= Alois Weiss =

German executioner

Alois Weiss (or: Weiß) (16 October 1906 in Ruma, Austria-Hungary – 26 February 1969 in Straubing, Germany) was the executioner at the Gestapo Pankrác prison in Prague during the Second World War.

The former storehouse helper from Munich, and assistant to the Munich executioner Reichhart, was the chief executioner of the Pankrác prison from February 1943. Until 1945, 1,079 persons were executed in the so-called Sekyrárna (axe room). His assistants were the Czechs Alfred Engel, Robert Týfa and Jan Křížek, who changed his name to Johann Kreuz. Later, the Gestapo changed the assistants; newly added were Antonín Nerad from Prague-Braník and Otto Schweiger, the brother-in-law of Weiss. After the war, Weiss lived in the Federal Republic of Germany. In the 1970s, he requested a public pension from the Czech government, citing his work as a public servant for them. He died in Straubing, 62 years old.

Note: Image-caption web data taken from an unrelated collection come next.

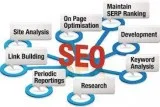 Fastidious Technologies SEO Service Best SEO Company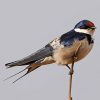 Swallow, White-throated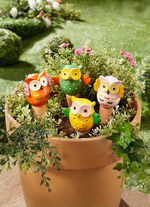 Wateruilen, set van 4 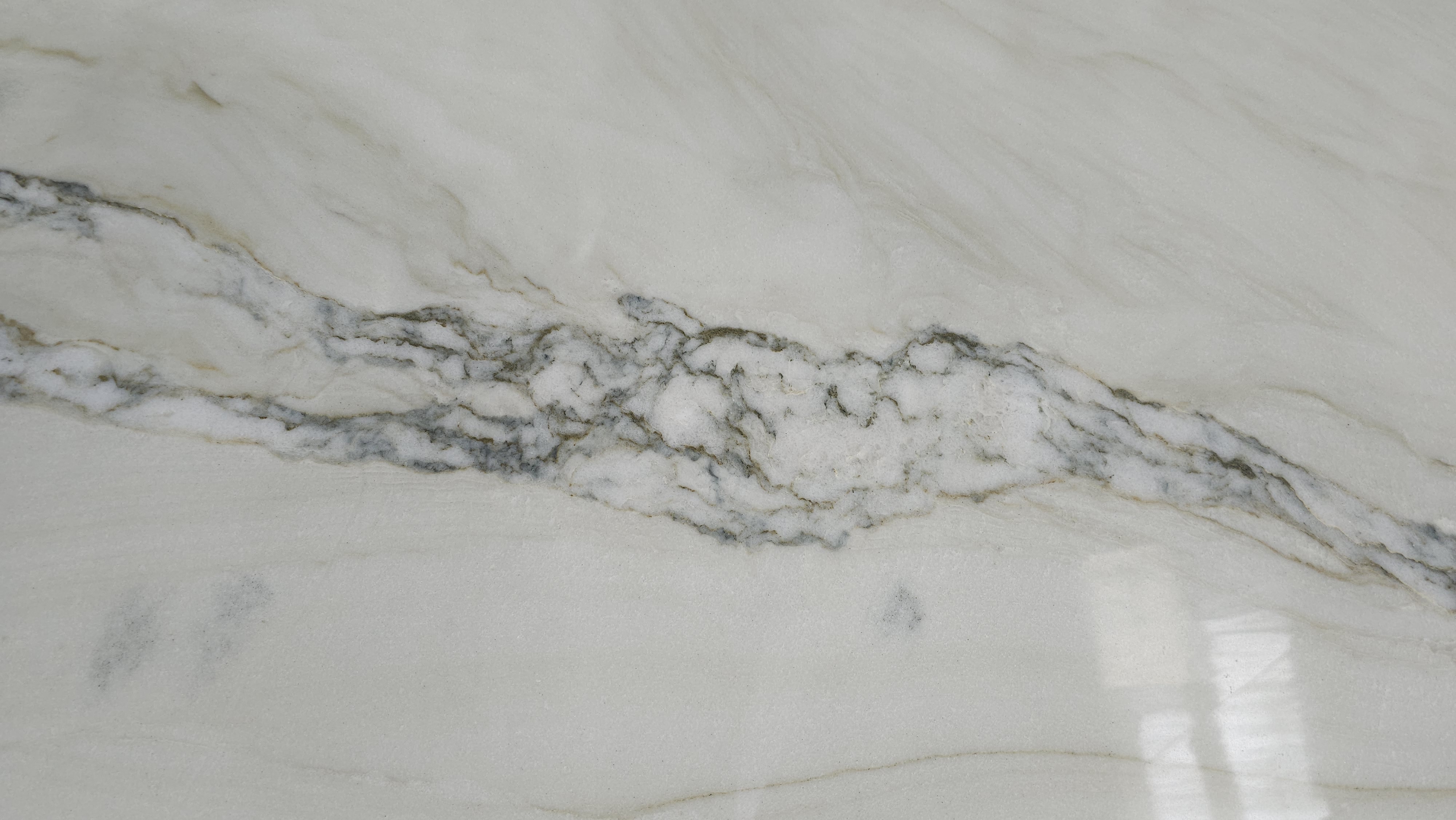 Premium Wood Panel - Oak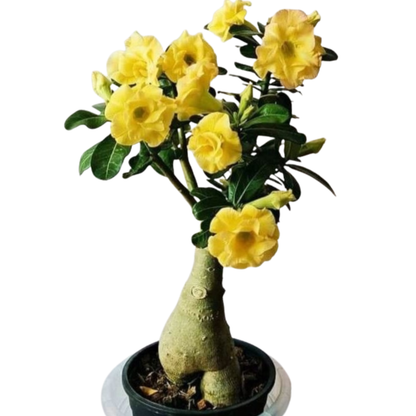 Desert Rose Yellow (Adenium obesum) Flowering Live Plant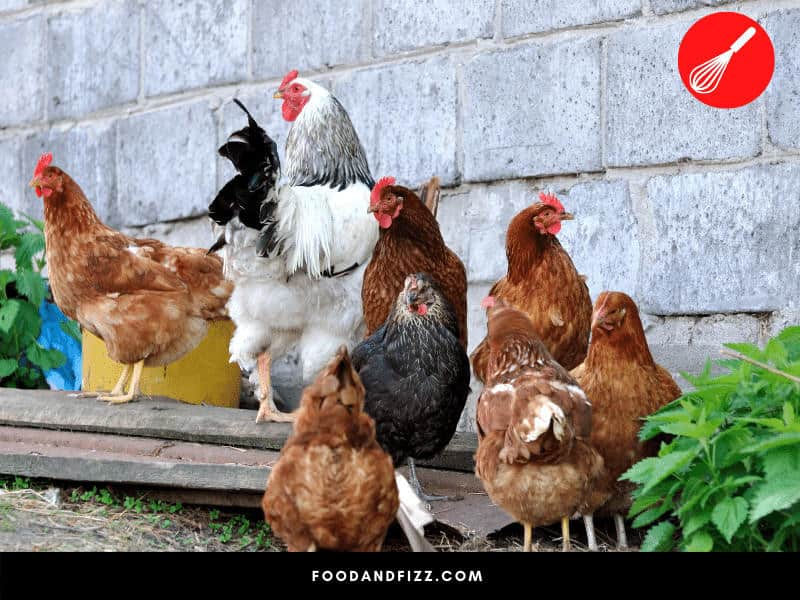 Hens are sexually mature female chickens responsible for laying and brooding eggs.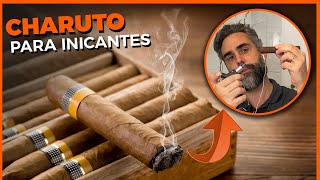 Charutos para iniciantes  Guia Básico  como acender cortar guardar e harmonizar  Feat CIGAR 019 [upl. by Eelrac]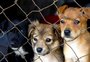 Projeto de deputado gaúcho prevê adoção de pets por escolas estaduais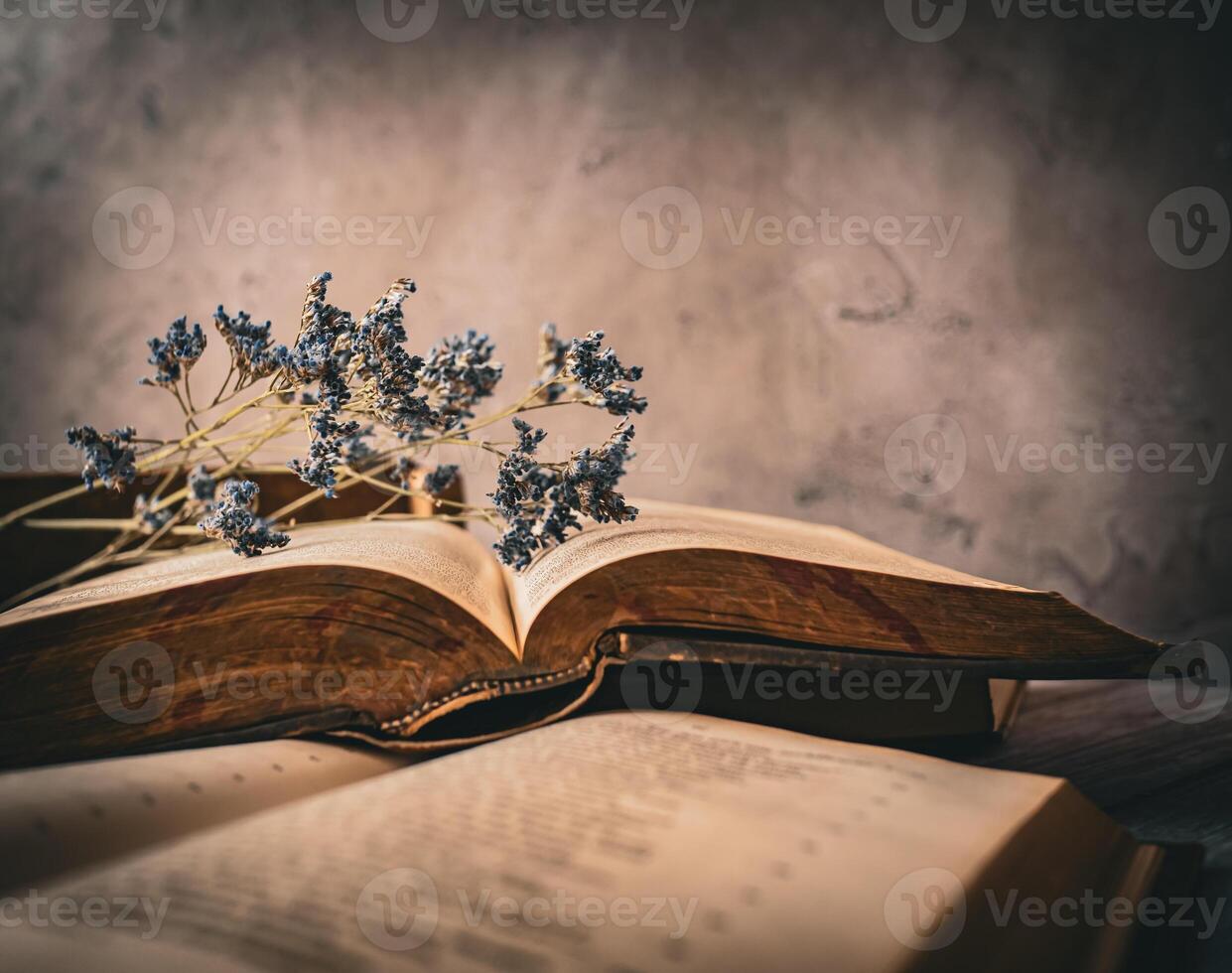 Old books and flowers photo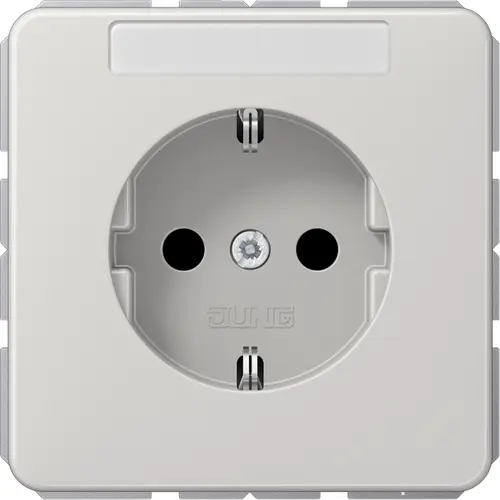 JUNG CD 1520 NNA LG wandcontactdoos randaarde tekstvenster CD500 lichtgrijs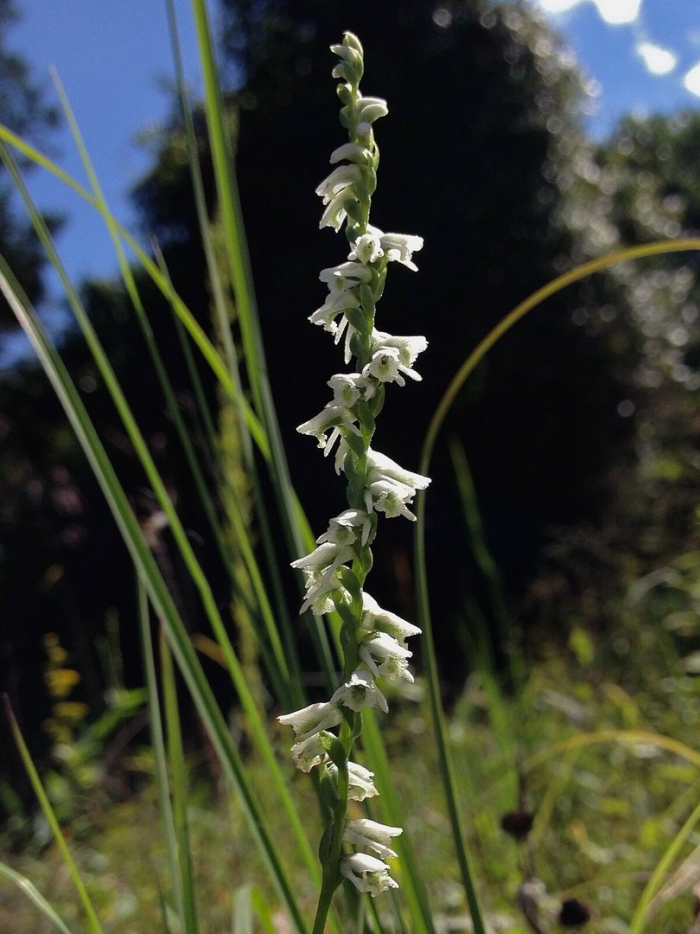 Spiranthes sinensis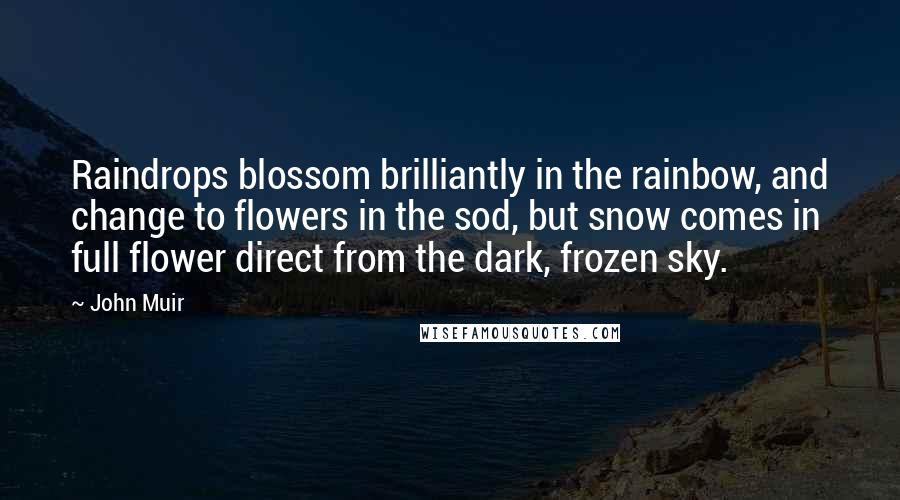 John Muir Quotes: Raindrops blossom brilliantly in the rainbow, and change to flowers in the sod, but snow comes in full flower direct from the dark, frozen sky.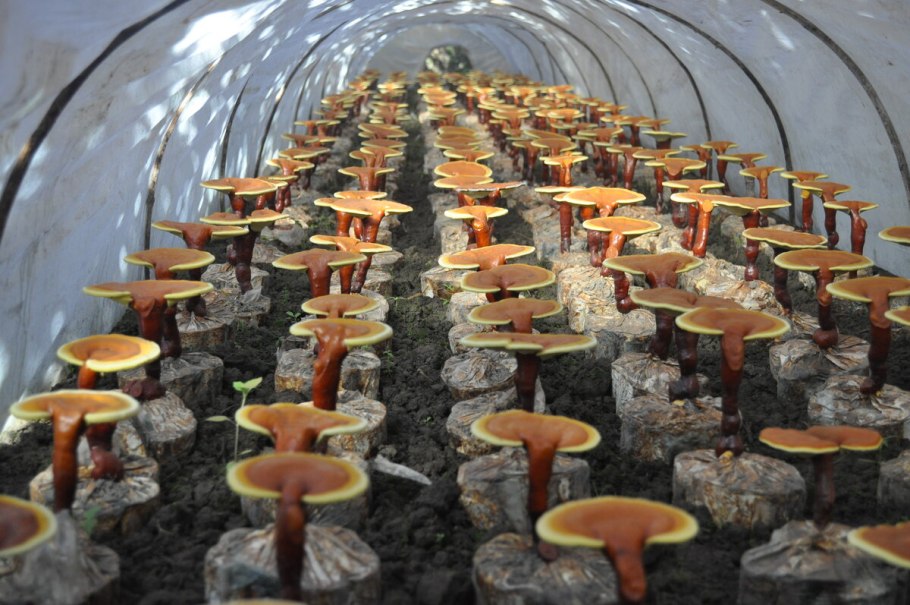 Что такое грибной рейши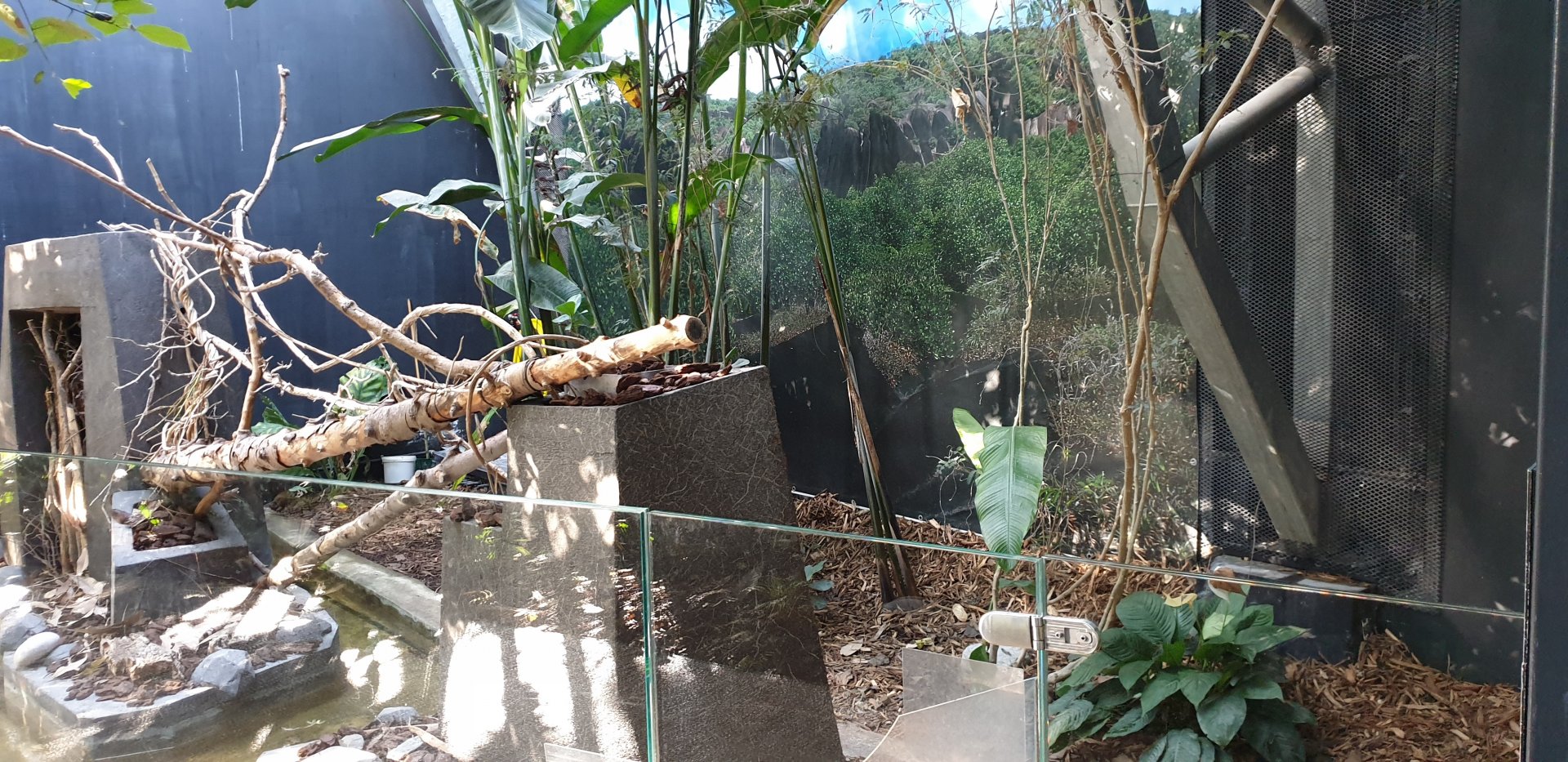 Leaf-cutting ant - enclosure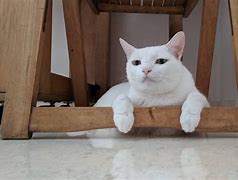 Image result for White Cat On Chair Meme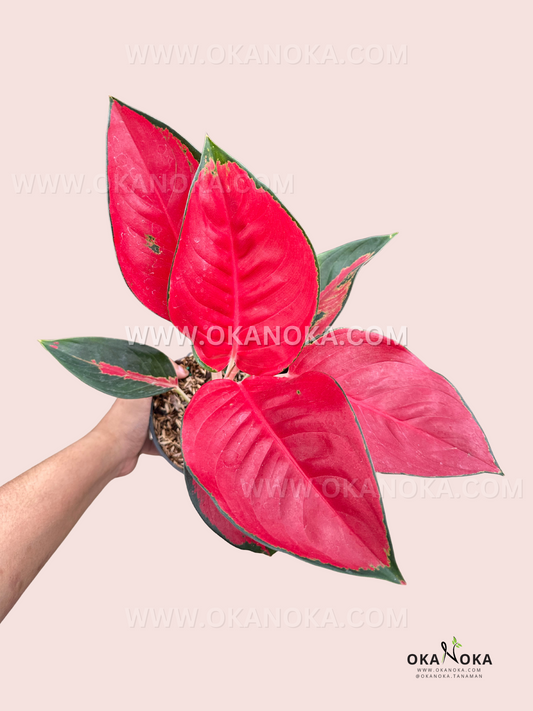 A top-down view of Aglaonema Suksom, highlighting its symmetrical leaf arrangement and deep red tones that contrast beautifully with its green borders.
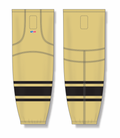 hs2100-282_feat.png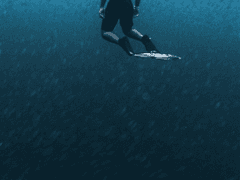 싸이코패스를 위하여 03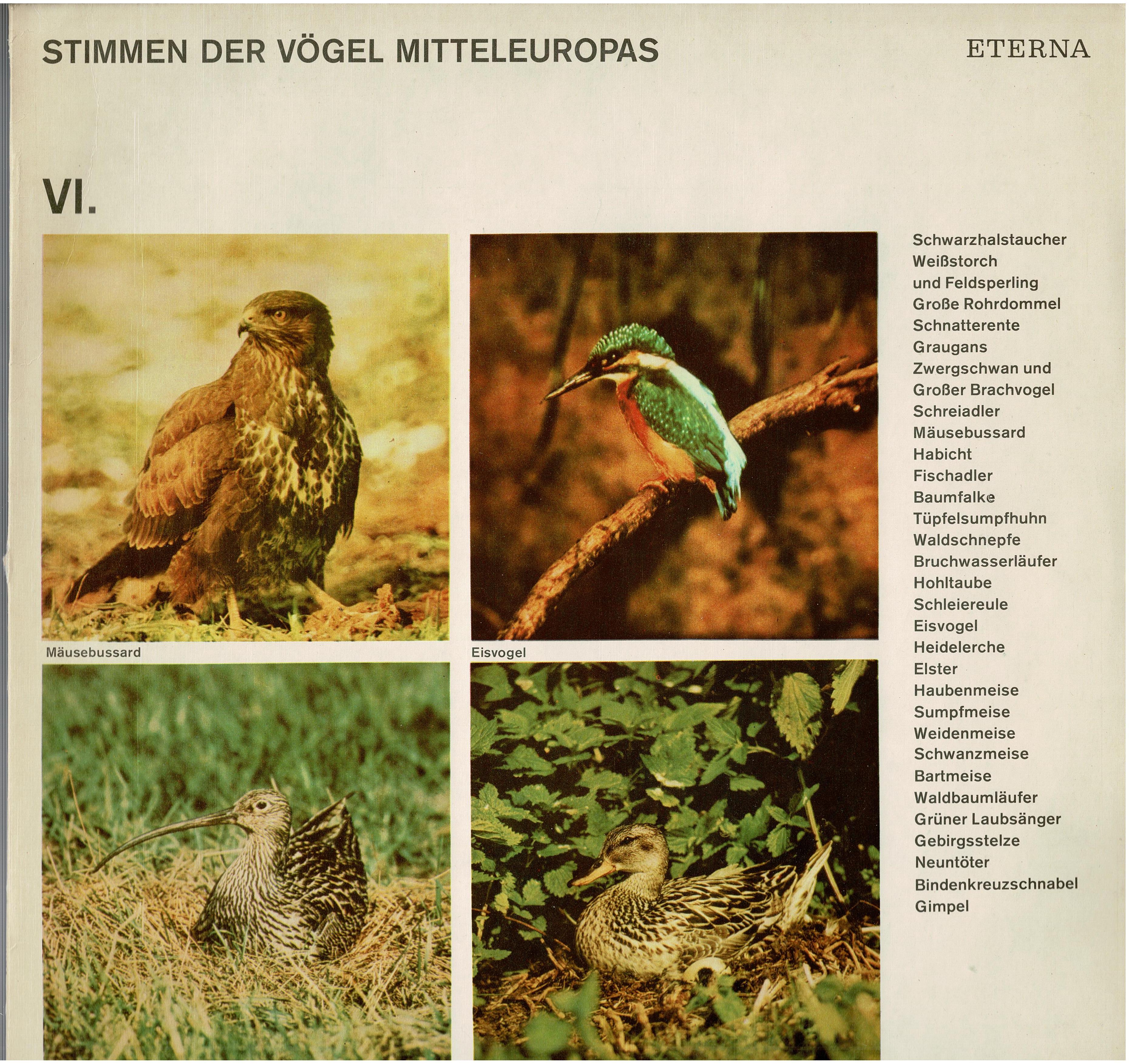 No Artist • Stimmen der Vögel Mitteleuropas - VI.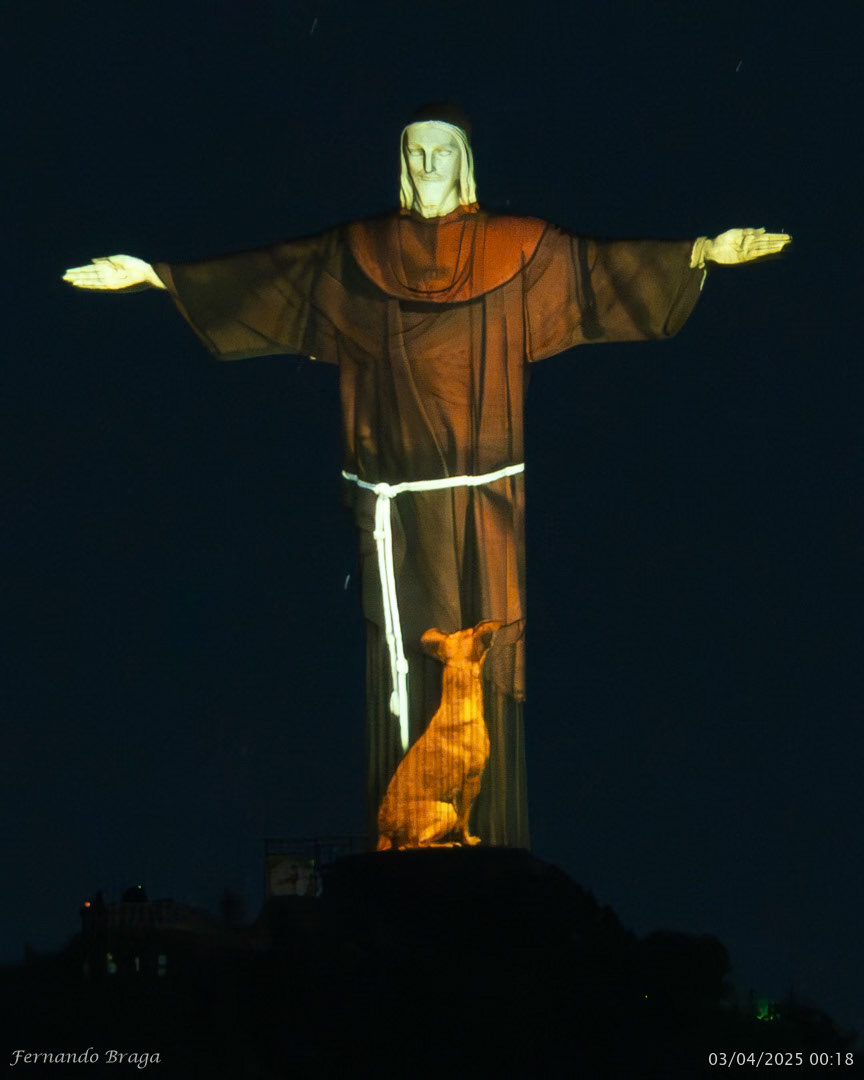 Iluminação especial do Dia Mundial dos Animais de Rua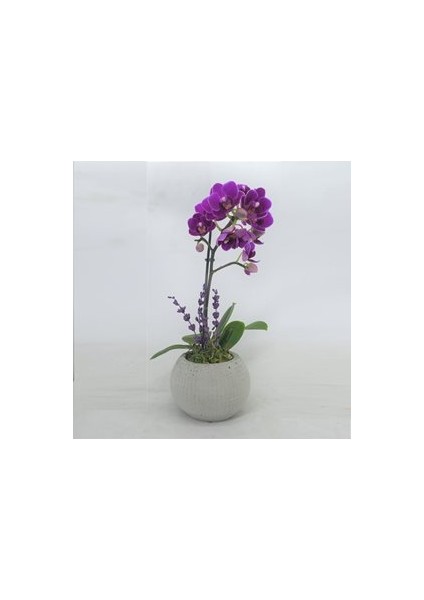 Flower - Tek Dal Mini Mor Orkide & Gri Moon Beton Saksıda Hediyelik Canlı Çiçek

During executions, the executioners mostly followed this procedure: one held the hands of the condemned to prevent him from moving when the guillotine blade descended. The second stood at the feet of the prisoner and untied his hands after the beheading. The two additional assistants pulled the body to a trunk to the right of the place of execution, took the head out of the basket and laid it next to the body. After that, Weiss wrote in the execution book the name of his victim. As can be gathered from the notes, an execution took three minutes. The victims were cremated in Prague's Strašnice Crematorium.